Afterwards, laying wide awake in the camper van listening to my family’s symphony of snores, I’m surprised to find that I can’t stop thinking about the eels. I keep imagining their wrinkled bodies, devoid of eggs, floating around the sea in silence.
Free.
And that’s when I realized I had officially lost my mind: when I developed eel envy.
Day 7:
It’s rainy AF. The girls are fighting and it’s not even 1pm when I tell them that they are “catastrophically annoying.” Paul is on the second phase of a cold and while he is handling it well, there are a lot of gurgling noises.
Worse, the camper van appears to have developed an echo such that each whine or hack is amplified like a hallway of mirrors for my ears.
As a result, I spend a considerable part of day’s drive thinking about how much money I could make if I could invent a pair of earbuds that could selectively noise cancel the sound of spousal snot sucking.

Still, things have been going better than on our last camper van trip, in Sweden and Norway, where a bad batch of pickled herring led to my husband’s now go-to brag, which is that he has shit himself in two countries in a single day.
Also, to add my own brag, the girls have managed to achieve the most underrated yet important childhood milestone: the ability to grab and use their own barf bags.
Of course, between all the bodily fluids and complaints, there is also a lot of joy, plenty of giggles, and the most epic scenery:
Which I enjoy as the good Lord intended: bra-free.
Before you go, I’d love to hear:
Your best family vacation story- any fond misadventures?
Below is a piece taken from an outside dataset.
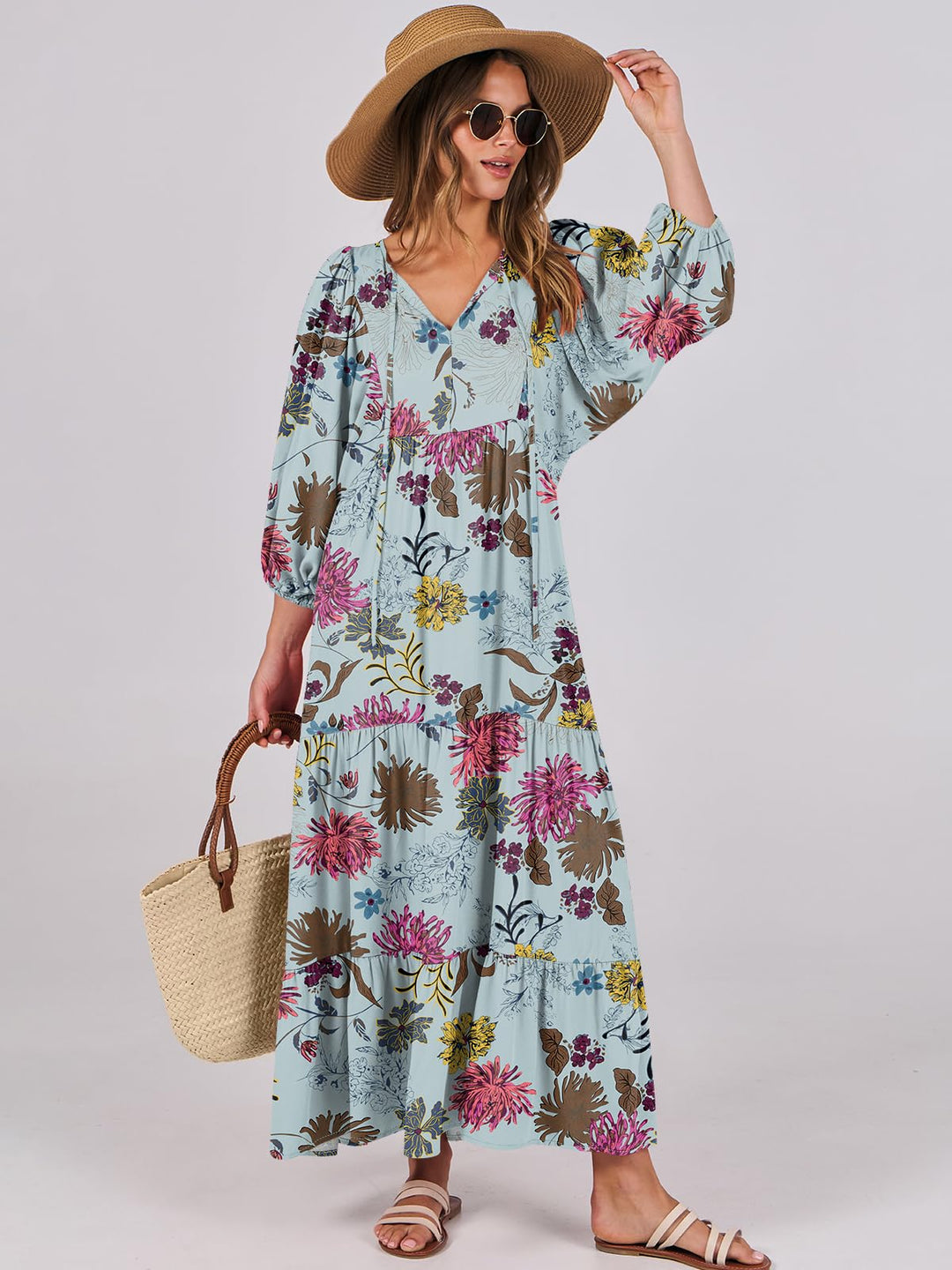 ANRABESS Womens Boho Maxi Dresses 2025 Summer V Neck Puff Sleeve Floral Flowy Swing Fall Casual Long Dress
What’s your holiday style? Are you team ugly as sin or are you serving the lewks?
Would you buy a pair of my phlegm-cancelling earbuds?
You really don’t see much of the words knockers and hag in print anymore. Let alone in the same paragraph. Kudos on that.
We are whatever the opposite of camping people would be. Give me a warm bed, air conditioning, and indoor plumbing all day long.
I do have to agree the best part about camping is the actual vacation of coming home haha.
I went on a family vacation to Costa Rica and a Catholic priest was with us for part of the time. It did not stop me and my siblings from starting the day with tequila sunrises.
One day we were swimming in ocean and the current was very strong. The priest was old (as they are) and I saved his life swimming. So “god” owes me a HUGE favor for saving one of his own.